A: I think indigenous women have been at the forefront of maintaining culture and value systems that are in direct opposition to the [ones] we live in now: colonialism, patriarchy, capitalism. To me, Canada and the U.S. is predicated on violence against indigenous people and specifically against indigenous women. There’s a fear that, if too much ground is gained by indigenous culture, that it will threaten the current system it’s in.
Q: How do you see indigenous culture threatened today?
A: Right now, in Canada, there’s a big movement toward what the government has termed “reconciliation.” But pipelines are still being built through indigenous land that is sovereign land and not signed over to the crown. People are still being relocated from their territory to make way for large-scale resource extraction projects.
Q: Where have you shown your project? And why did you pick those places?
A: I’ve traveled all across Canada, at least 30 different places if not more. Small towns, bigger cities. I think it’s really important that it be as public as possible [and taken] outside the wall of galleries.
I have generally been invited by university campuses like University of Toronto to show the work. There are still some barriers because not everyone is at a university campus, but it does have the capacity to bring in family and grass-roots organizations to speak about their experiences.

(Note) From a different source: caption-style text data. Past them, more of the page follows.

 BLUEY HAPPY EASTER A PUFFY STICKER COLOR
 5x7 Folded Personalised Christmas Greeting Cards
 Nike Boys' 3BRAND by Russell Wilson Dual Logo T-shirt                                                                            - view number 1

Q: What questions do you hope viewers walk away with?
A: I don’t know if it’s questions I’m interested in, but people actually connecting with what is going on from the heart. It allows space for families to think of their experiences. It also opens the door to be educated about what’s going on if they don’t know. I think that can make a big enough change.

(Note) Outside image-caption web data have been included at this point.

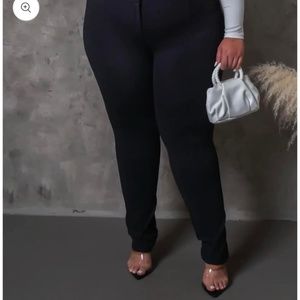 Black plus size pants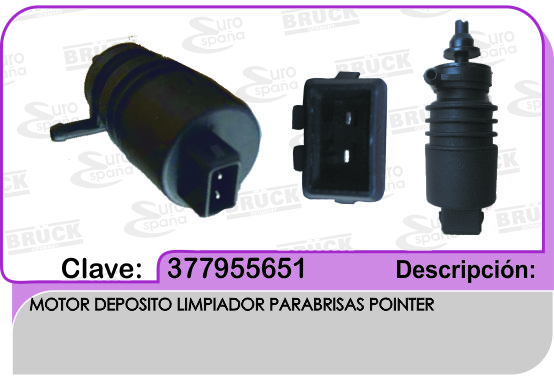 MOTOR DEPOSITO LIMPIADORES VW POINTER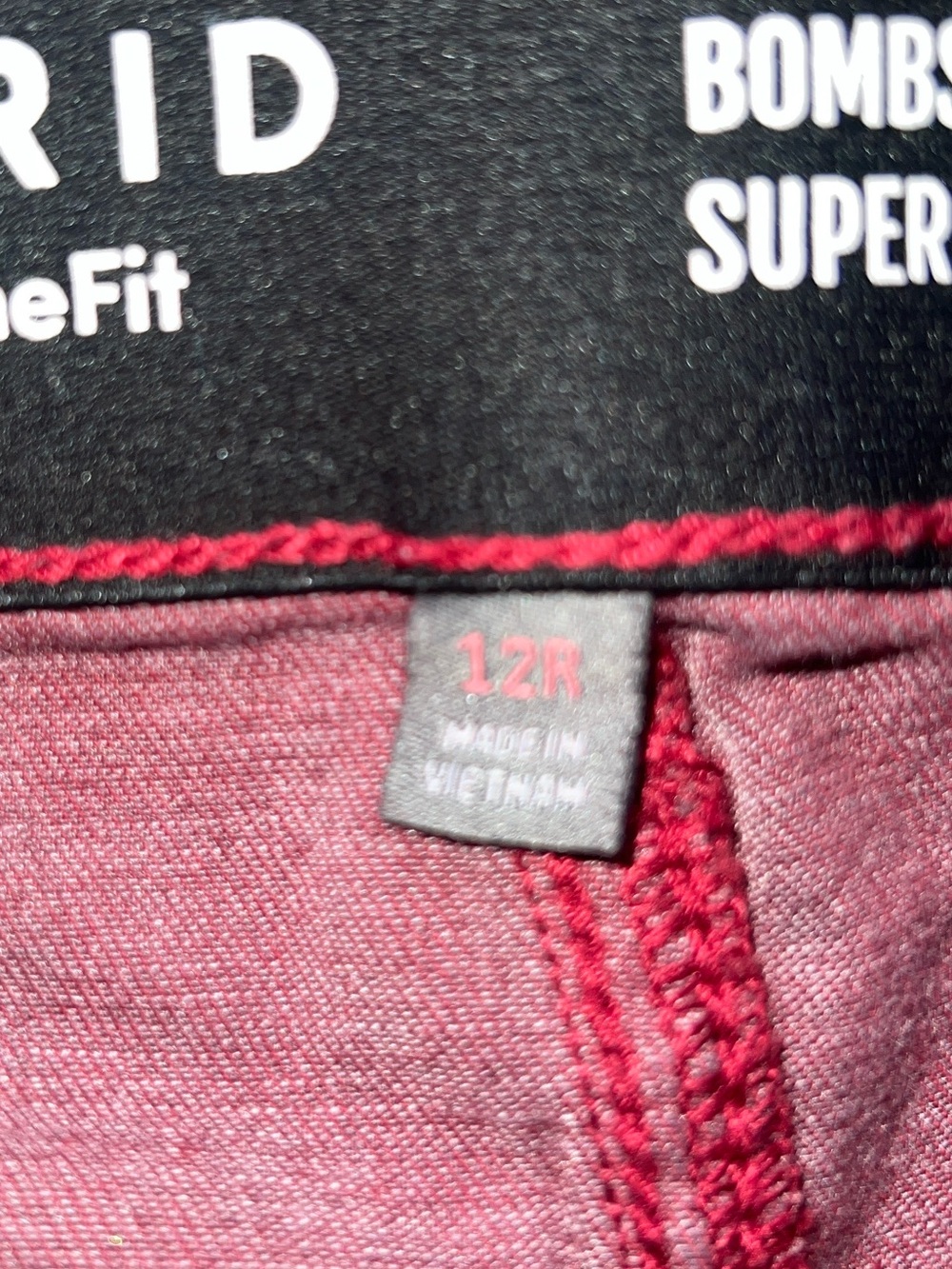 torrid Burgundy 12R Bombshell Flare Jeans Super Soft - Picture 5 of 5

Q: What can Americans learn from how Canadians have responded to violence against indigenous women and how to prevent it?
A: Living in Canada, I’m pretty critical of how things are being handled in regards to true reconciliation. But I do think that Canada is a little farther along in being honest about the fact that violence is actually happening. From what I know in the U.S., the conversation hasn’t gotten to that point yet — of truth-telling about systems that have caused a lot of harm.
Q: Is art the best way to get to truth-telling?
A: I strongly believe in the grass roots — the people, art and different ways of starting the conversation. I don’t see a top-down approach of trying to address issues.
Honesty needs to come from the ground up, because I don’t see it happening politically. Truth-telling and storytelling is [the way].